Got to the gym today for my regular Tuesday run. Yes, I admit it's pathetic that I opted to run inside on a 60 degree day, but I've been lazy about my allergy shots and springtime makes me sneeze and cough and my chest tightens up, which isn't very conducive to running. Anyway.
I did 10 minutes of walking to warm up, then started an easy run, no plans, just seeing how long I could keep it up. And for the first time, when I had to pause to stretch out my calves here and there during the run (it's not nearly as bad as last year, but I still have definite tightness) it occurred to me to check my HR too.

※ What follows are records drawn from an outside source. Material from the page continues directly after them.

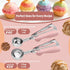 JETONN Set 2, 18/8 Set Cookie Scoops for Baking of Pink Handle Stainless Steel Ice Cream Scoop with Ergonomic Soft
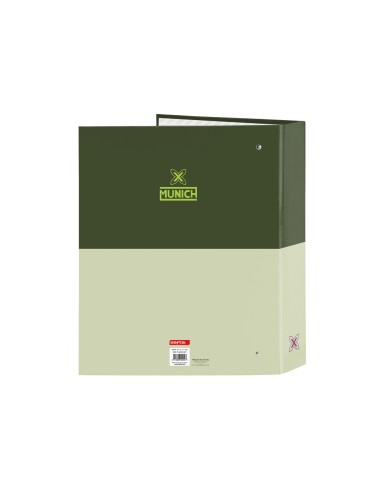 Carpeta safta carton folio 4 anillas lomo ancho munich bright khaki 60x270x300 mm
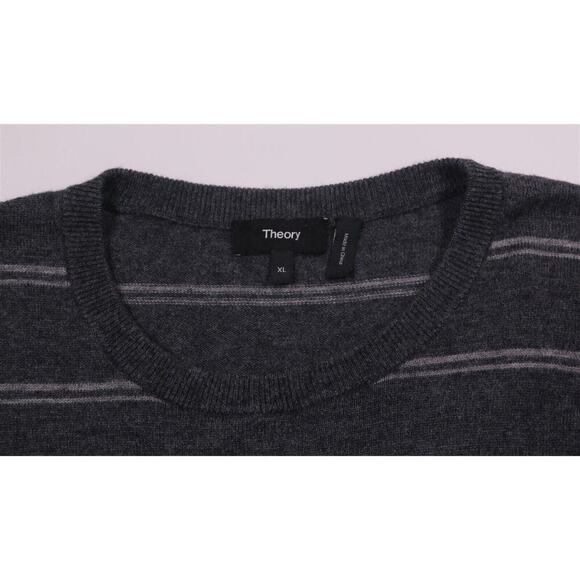 Theory Riland Model Men's Gray Knit Striped Merino Wool Crewneck Sweater XL - Picture 4 of 6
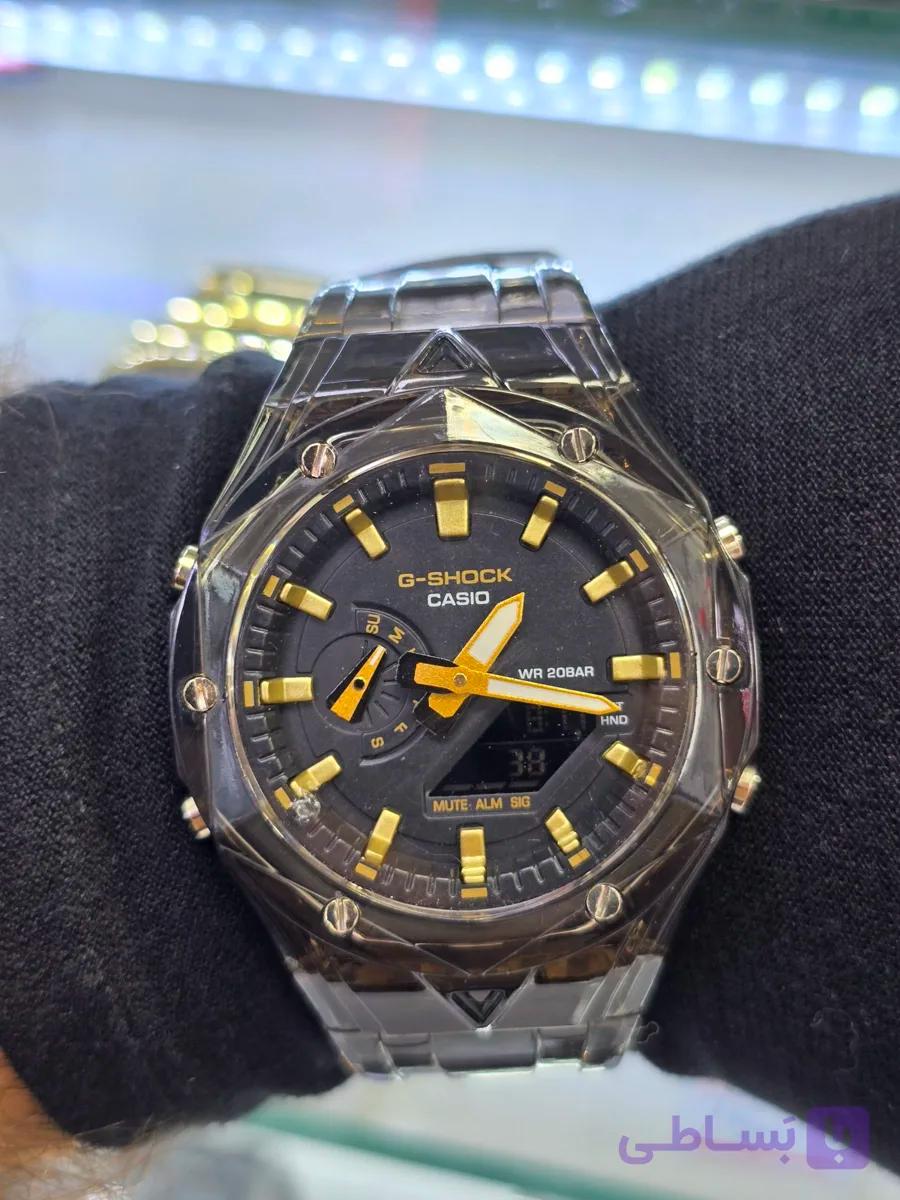 ساعت مچی مردانه جی‌شاک (G-Shock) مدل شفاف طلایی - ضدآب و مقاوم با امکانات کامل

Been thinking a lot about training to a target heart rate lately. Heard Iron Wil talk about it on the podcast, seen everybody talk about their monitors on their blogs, but all this time I thought it wasn't for me. I'm still so slow because I'm still carrying so much extra weight that I wasn't getting my HR up that far anyway, so why on earth would I need to monitor it?
And that's been my thinking all along. Until I heard the podcast when Wil's coach listed a monitor as a piece of essential equipment. And then, two weeks ago, my swim instructor (can I just tell ya how much I LOVE her?) introduced me to the torturous world of sprint repeats and explained how doing them affected my HR and in turn my speed and blah blah blah. You guys know. She's also been telling me from the first day that I go much too slow, I take it much too easy, and I need to get aerobic with it because my speed (or lack thereof) problem isn't just bad form. This was all a huge eye-opener for me; my mind was finally making the connection that you can use your heart rate as a tool to improve performance. And I'm finally making the internal paradigm shift that I really am that fit now, and that this is the next logical step for me.
Which brought me to my tentative experiments today with checking my HR while running on the treadmill.
It seemed really, ridiculously high when I was running. Even when I kind of felt ok it was in the 170s, and at one point I felt like I was working pretty hard so I checked and it was 189! Whenever it went over 175 I'd take a little drink or stretch break for a few seconds and run again after it got back down to around 160. Which still seems way too high.
Now, I remember Wil saying that her coach had her doing long slow runs at a 140 HR, and this was supposed to be a long slow run for me. Can't get much slower, at the beginning of my runs I'm doing a 13:30 pace, which even feels plodding to me! At my fastest, after I start to feel good, I did a little work as fast (ok, "fast") as 11:30 pace.
So, I think it's time for me to get a monitor. I don't know what to get, and I don't really know what I'm looking for in terms of HR training zones once I get it. All I know is that I loathe the idea of a chest strap and that 189 is way to freaking high. (For the record, my RHR, a few hours post-workout, is 76 bpm.)
Any advice would be greatly appreciated!
(Oh btw, managed to run for 20 minutes, albeit with a few stretching pauses, longest run time ever!)
1 comment:
I'm not very fast either. However, I always train with a heart rate monitor and watch my training zones. I've read a lot about it and the key to getting faster (and skinnier in our case, I guess)is to have a pre-determined goal of what we want to accomplish in each work out. Okay, okay I'll get off my soap box. This is not a lecture, just trying to be helpful. Take Care and good luck training.